Dabei liegen die Probleme auf der Straße. Jede zweite Altersrente in Deutschland liegt unter 900 Euro, wie aus einer Antwort der Bundesregierung auf eine Kleine Anfrage der Linkspartei hervorgeht. Betroffen sind 9,4 Millionen Menschen. Die Armutsschwelle liegt nach Angaben des Statistischen Bundesamtes für einen Einpersonenhaushalt bei 1035 Euro. Und das in einem Land, das 2019 im ersten Halbjahr 45,3 Milliarden Euro mehr eingenommen hat als erwartet und das sich in diesem Jahr Militärausgaben in Höhe von 43,5 Milliarden Euro leistet. Wenn es nach der CDU-Vorsitzenden und Verteidigungsministerin Kramp-Karrenbauer geht, sollen sie bis 2024 verdoppelt werden.

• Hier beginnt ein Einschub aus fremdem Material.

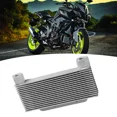 thumbnail image 2 of 15 Rows Silver Aluminum Engine Oil Cooler For Motorcycle Modification Accessory, 2 of 5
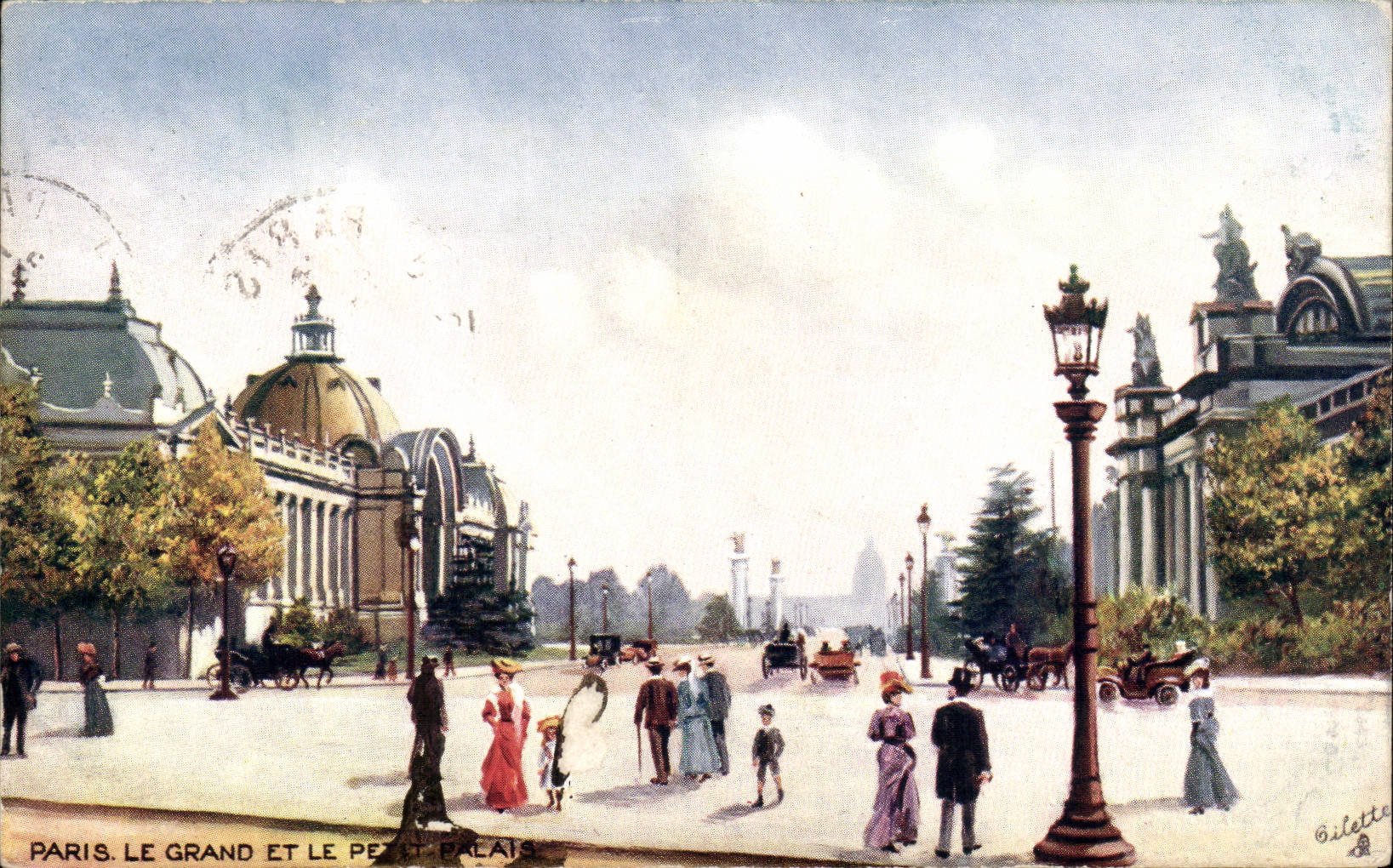 Paris CPA Le grand et le petit palais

In der Lausitz bangt eine ganze Region wegen des Ausstiegs aus der Braunkohleproduktion um ihre Zukunft, aber niemand spricht, wenn es um die Verminderung des Kohlendioxidausstoßes geht, vom Militär. Das Problem wird ins Private abgeschoben, konstatierte die Süddeutsche Zeitung am 22. August. Der größte Energieverbraucher der Welt ist nach ihrer Schilderung das amerikanische Militär. Es verbrennt an einem einzigen Tag 48 Millionen Liter Öl. Das ist ungefähr so viel, wie ganz Schweden an einem Tag verbraucht. Physiker der McMaster University in Montreal haben herausgefunden, dass der Anteil der digitalen Kommunikation an der Entstehung von Treibstoffgasen größer ist, als der Beitrag des gesamten Flugverkehrs.
Hat man dazu von den Grünen, die wohl künftig in Sachsen und Brandenburg mitregieren werden, schon jemals etwas gehört? Ja, die AfD ist gefährlich, und der Grünenvorsitzende Habeck hat Recht, wenn er die CDU davor warnt, nach rechts auszuscheren, um ihr Paroli zu bieten. Aber beim Klima geht es um unser Leben. Es muss sich etwas ändern, sonst kräht eines Tages kein Hahn mehr nach uns.